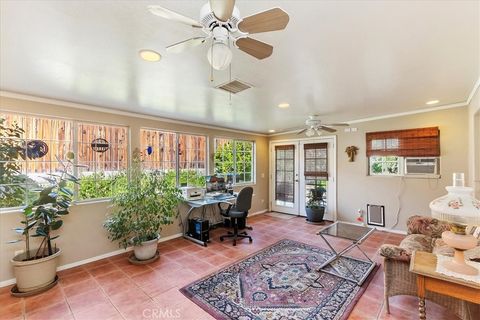 A home in Desert Hot Springs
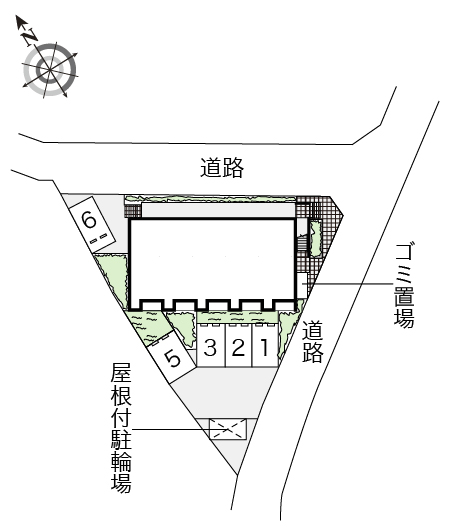 レオネクストくみのき その他1
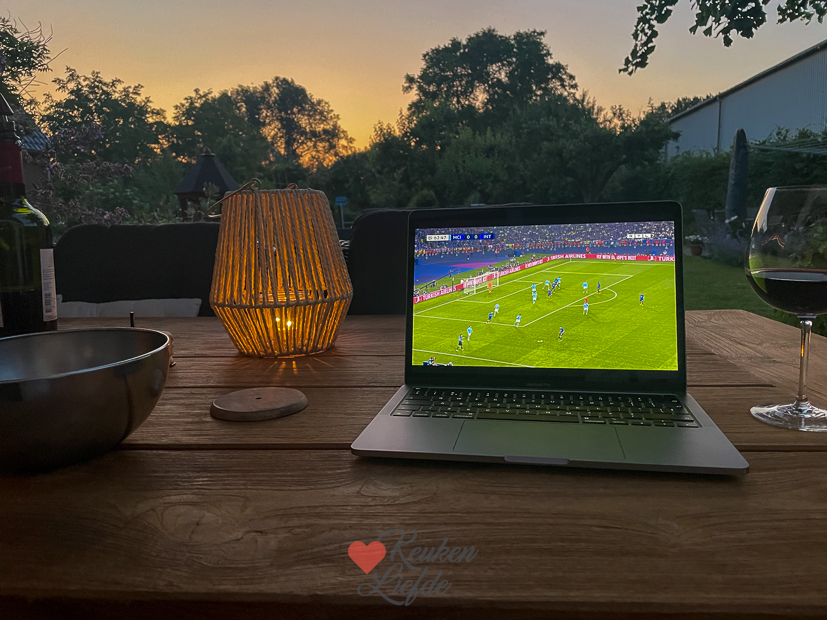 Een kijkje in de keuken week 24-2023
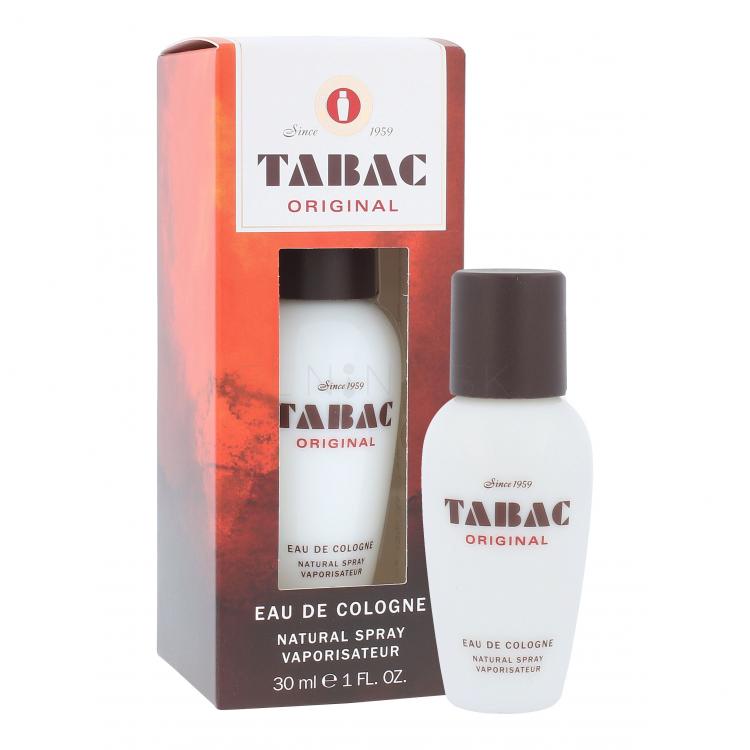 TABAC Original Kolínska voda pre mužov 30 ml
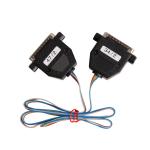 3 Odometer Programmer OBD Diagnostic Cable Sets For All Cars / Trucks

-*-*-

TO DO.
Skip every picture. Repeat word for word the lines from the line holding "レオネクストくみのき その他1" through the end of the entries above.

REPLY TO THE TASK.
 レオネクストくみのき その他1
 Een kijkje in de keuken week 24-2023
 TABAC Original Kolínska voda pre mužov 30 ml
 3 Odometer Programmer OBD Diagnostic Cable Sets For All Cars / Trucks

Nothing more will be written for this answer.